#### Raw data ####

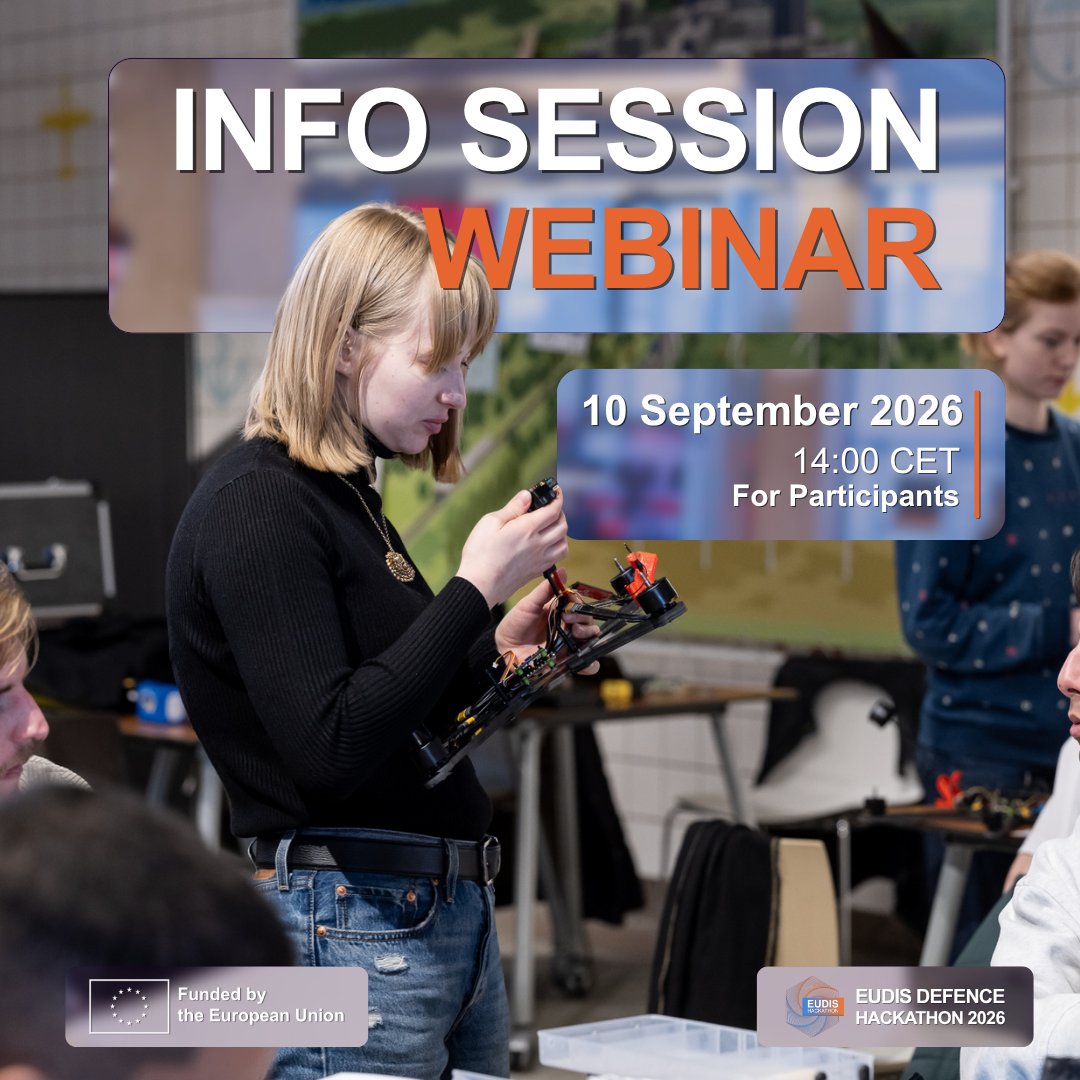 defis_eu's tweet photo. What are the #EUDIS Defence Hackathon 2026 challenges? How does the hackathon work? What should participants expect?
Find out during the Participant Information Session on 10 September at 14:00 CET ➡️ https://t.co/BubFJaaTtE
#EUDefence https://t.co/W17gWyJukN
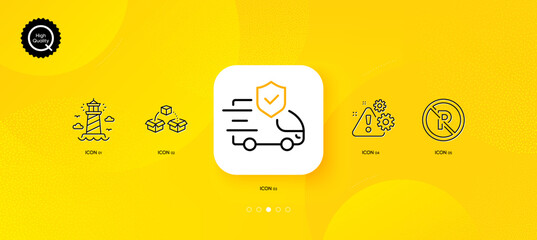 Fototapeta na wymiar Warning, Transport insurance and Lighthouse minimal line icons. Yellow abstract background. No parking, Parcel shipping icons. For web, application, printing. Vector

####

◆ Description of the task
The string "https" may occur in the listing; show every line where it does.

◆ Task answer
Find out during the Participant Information Session on 10 September at 14:00 CET ➡️ https://t.co/BubFJaaTtE
#EUDefence https://t.co/W17gWyJukN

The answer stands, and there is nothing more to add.